Don’t you love a beautiful back garden and to compliment it – a clean patio showing all its glory of the quality stone you have chosen for your patio floor.

MOSS MONSTER too loves clean, attractive properties and happy customers. That’s why we SMASH away the dirt so it disappears, leaving you a bright and beautiful surroundings

Why do I need to clean my paving and patios?

It seems obvious but regular cleaning of your paving and patios is essential to maintaining their condition and ensuring they last as long as possible. Moisture and bacteria can cause moss and algae build ups which, while making your garden look tired and unkempt, can also make surfaces very slippery. Cleaning off the moss before it gets out of hand can help to prevent accidents. This also applies to deck surfaces.

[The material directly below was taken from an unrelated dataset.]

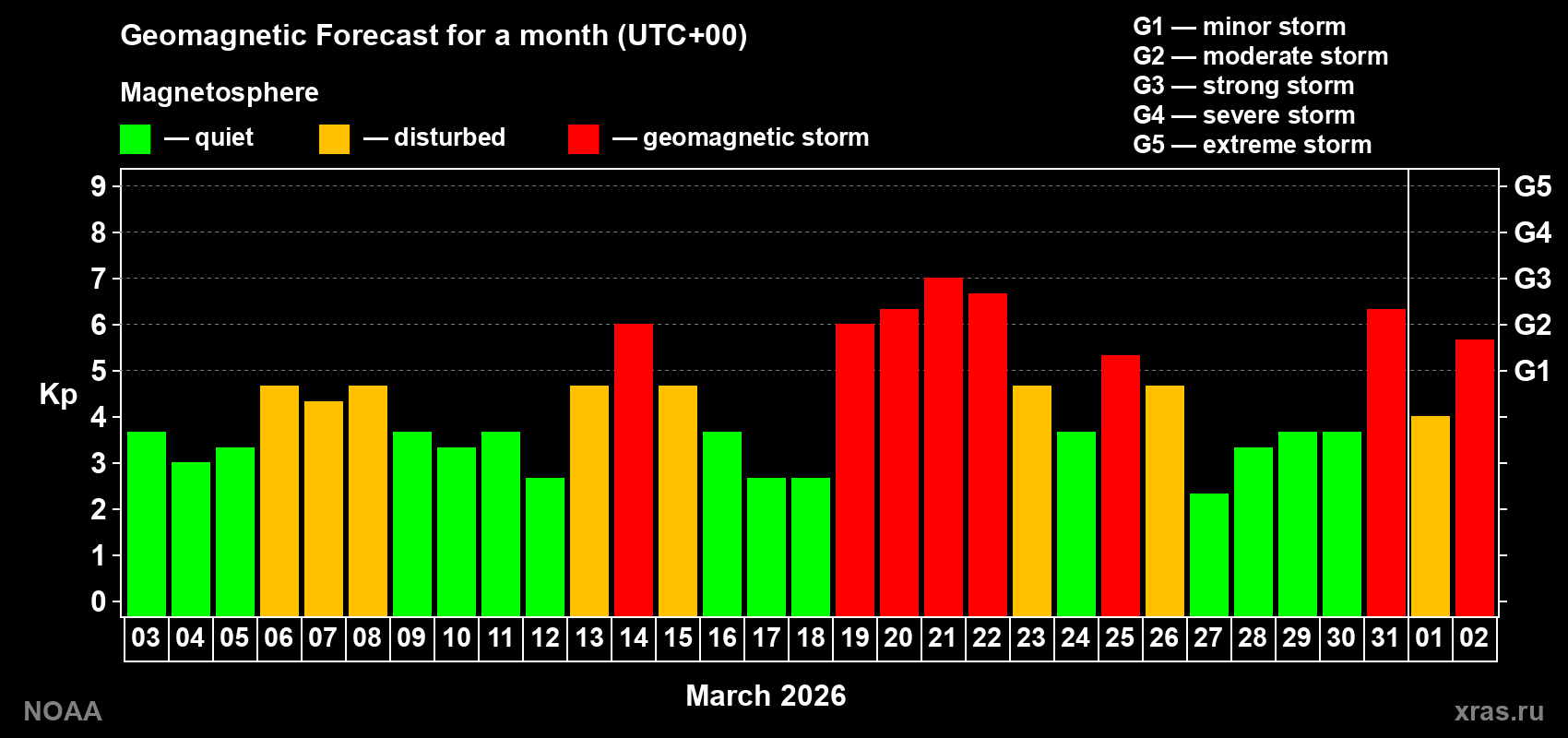 Geomagnetic index Kp forecast for the next month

Also, if left to their own devices, weeds can find their way in between the paving slabs and in areas you wouldn’t think were possible for them to grow. A regular clean will keep these at bay.

Pressure washers

This is a method that many have adopted as a quick way of cleaning paving and patios but should be used with extreme caution. Pressure washers work by blasting the surface with water and aggravating the dirt that lies on the paving to remove it. They can be very effective and when used correctly can keep your paving looking as good as new


Using the method of softwashing*, a stiff brush and steam cleaning we are able to optimise the cleaning process for a satisfactory and complete result. Steam cleaning works well in this process because it actually uses a low pressure but high temperature in contract to pressure washers with hot boxes which use high pressure and high temperature. When the latter technique is used then extreme caution needs to be applied so as to avoid blasting the mortar joints out inbetween the flagstones or patio stones. Care should be shown to the type of stone as to hardness and softness of the substrate.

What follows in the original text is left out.